5 messages · Ben Bolker, Gjalt-Jorn Peters, Jarrod Hadfield +1 more

#
<r-sig-mixed-models at ...> writes:
thanks.  I will answer the short version and see how far I get
with the long version.
This is not really an lmer question, but a more general modeling
question.  There are a few things you could mean here, but I don't
think any of them have to do with the "p-value issue", which is
more one of how to deal with the unknown distribution of the test
statistic under the null hypothesis for not-large data sets
{see http://glmm.wikidot.com/faq for more links on the p-value stuff,
and others}

  * you could be asking about the difference between the results
of summary() [which uses Wald tests based on local curvature]
and anova() [which does a more precise test based on model comparison];
anova() is not perfect, but it's more accurate (and hence sometimes
different from) summary
  * you could be asking about multiple predictors, none of which
is individually significant at p<0.05, but their combined effects
(i.e. comparing a model with all predictors vs. none) are significant 
at p<0.05.  This is not really surprising, because the joint effect
of the predictors can be stronger than any one individually.  (Also,
if you're not working with a balanced, nested LMM, the effects of
the predictors can interact.)
A colon refers to an interaction, a slash refers to nesting (so
~a/b is equivalent to ~a+a:b, or "b nested within a"): there's more
on this at the wikidot FAQ as well.
* cannabisUse_bi: a factor with two levels, \"0\" and \"1\". \'0\'
  indicates no cannabis use in the past week; \'1\' indicates cannabis
  use in the past week. This is the dependent variable (i.e. the
  criterion).
* moment: a factor with two levels, \'before\' and \'after\'
* id.factor: a factor with 444 levels, the identification of each
  participants (note that there are quite a lot of missing values,
  only about 276 cases without missings)
* school: a factor with 8 levels, each representing the school that
  the participants attend
* cannabisShow: a factor with 2 levels, \'control\' and
 \'intervention\' - this reflects whether a participant received the
 \'intervention\', aimed to decrease cannabis use, or
 not. Participants in five schools received the intervention;
 participants in three other schools didn\'t.
Although others on this list disagree, I don't find "nesting" to be
very useful in the context of fixed effects, because the levels of
fixed effects almost always have identical meanings across different
levels of the random effect (i.e., "before" means the same for me as
for you)

 I would say the simplest sensible model would be

glmer(cannabisUse_bi ~ cannabisShow*moment + (1|school/id.factor), 
    family=binomial, data=dat.long)

which if your individuals are uniquely identified should be the same
as using (1|school) + (1|id.factor) as the random effects.

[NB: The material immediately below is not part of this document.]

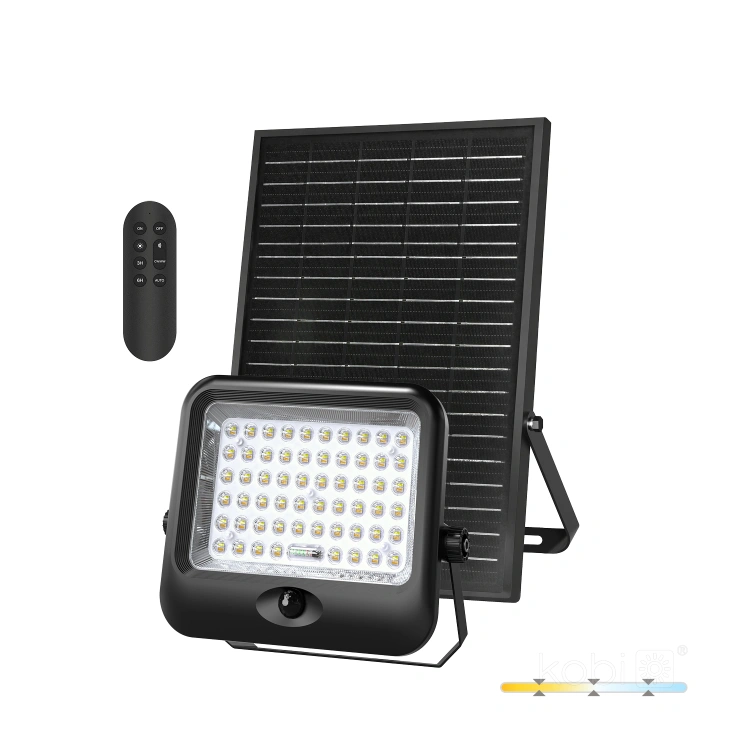 Naświetlacz Solar LED MHCS G2 35W 3CCT IP65 Kobi Premium
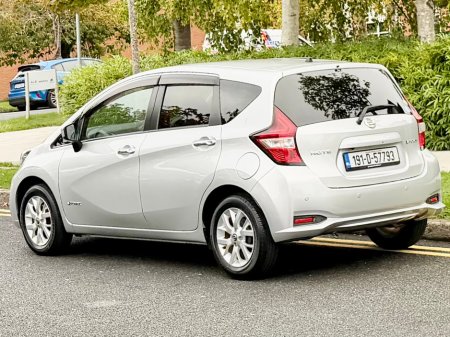 2019 Nissan Note - photo 7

But I agree that you may very well want to try to take into account
whether the effects of the fixed effects differ among schools: you
might _like_ to see whether they differ among individuals as well, but
it is somewhere between impossible and very difficult to extract this
from binary data per individual (I'm sure you can't identify the
effects of cannabisShow, because each individual only gets one
intervention, and I'm pretty sure that you can't identify the effects
of before/after either, because all you have is binary data -- if you
had continuous data you *might* be able to detect variation in slope
among individuals, if it weren't confounded with residual error).

So I would try

glmer(cannabisUse_bi ~ cannabisShow*moment +
   (cannabisShow*moment|school) + (1|id.factor), family=binomial,
   data=dat.long)

(assuming that id.factor is unique across schools)
if I include that, I get:
Maybe the before/after variation among schools (moment|school) is
  doing a lot?  Also, see my comment above about Wald tests.
glmer provides likelihood ratio tests, which are good when the
sample size is large.  If you didn't have the school level I would say
not to worry about it, but 8 schools is not a large number ...
The second leaves out the school effect, as specified above.
14393-Need-help-with-lmer-model-specification-syntax-for-nested-mixed-model
#
Dear Ben,

thank you very, very much for your extensive answer!

I have run both models you suggest, and they fit equally well (Chi^2 = 
.99). In addition, the effect of each predictor is the same in both 
models (which makes sense of course).

I will just look at each effects' significance level, as per your 
worries regarding the number of schools (i.e. 8 is not many school).

Before endeavoring more interpretation, though, I will first read up on 
mixed models using the valuable suggestions given earlier :-)

Again, thank you very, very much for your answer, kind regards,

Gjalt-Jorn

*Gjalt-Jorn Peters* | http://behaviorchange.eu

Behavior change research | Health psychology
Intervention development | Applied social psychology 	[ 	GG 
<http://greatergood.eu> 	OU <http://ou.nl> 	UM 
<http://maastrichtuniversity.nl> 	}
On 07-11-2012 16:00, Ben Bolker wrote:
#
Hi,

I've uploaded a new version of MCMCglmm to CRAN. Main additions are I)  
more flexible methods for multi-membership and related models II) bug  
fix for the predict function for certain types of random-effect  
marginalisation.  III) sir models reinstated  IV) proposal  
distribution for MH steps returned.

Cheers,

Jarrod



I) The addition of a linking.function that links different random  
effects together. For example imagine two random terms, mother and  
grandmother, for which some mothers also appear as grandmothers.  
Denoting the associated random effect for the mothers (m) and  
grandomothers (g)  we could:

a) fit the simple model ~mother+grandmother which estimates separate  
variances (VAR(m) and VAR(g)) and sets the covariance to zero  
(COV(m,g)=0)

b) use the linking function "str" to fit the model  
~str(mother+grandmother) which estimates separate variances (VAR(m)  
and VAR(g)) but also estimates the covariance (COV(m,g))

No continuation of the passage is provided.